空腔理论在固体剂量计中的应用

A Cavity Theory for Solid State Detectors Using in Dosimetry

摘要: 在Burlin空腔理论基础上提出了1个经修改后可适用于兆伏级X(γ)能量固体剂量计的新空腔理论。它通过Monte-Carlo 方法分别计算固体剂量计空腔内的初级光子粒子注量和散射光子粒子注量及它们相应产生的次级电子粒子注量，并按空腔尺寸所对应的电子射程，把高能和低能光子分开，计算初级光子和散射光子沉积在固体剂量计灵敏体积中的能量，即吸收剂量。为验证该空腔理论，用半导体固体剂量计在6 MV医用电子直线加速器上进行了水模体输出因子测量，并模拟相同测量条件用新空腔理论对水模体输出因子进行了理论计算，其测量结果与计算结果在0.5%内符合。

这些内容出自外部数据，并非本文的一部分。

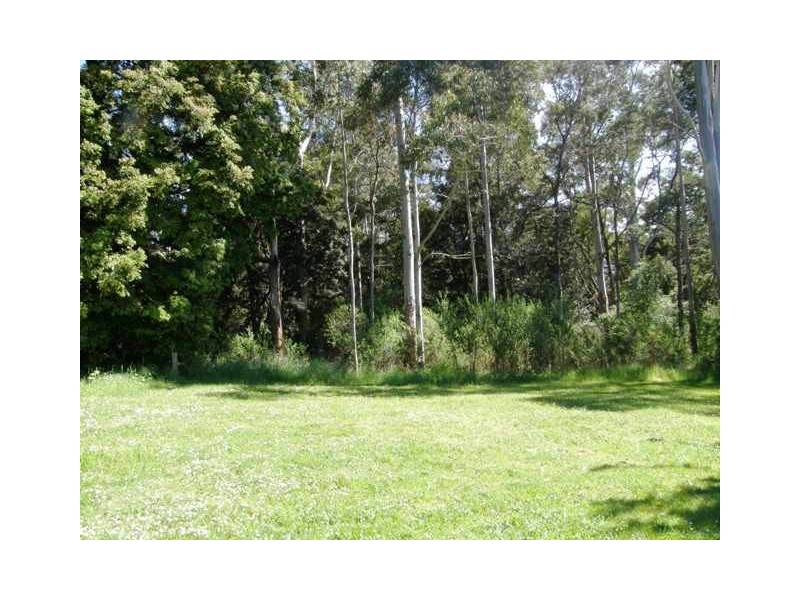 1 Bundell Street, Weldborough TAS 7264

Abstract: A cavity theory based on a modification of Burlin cavity theory is proposed. It treats primary and scatter photon spectra separately and calculates the absorbed dose of medium. The cavity theory was applied to calculate an output factor in water phantom with a 6 MV photon beam linear accelerator. The results for the calculations using new cavity theory are compared with the results for measurements using diode detector. They are in good agreement within 0.5%。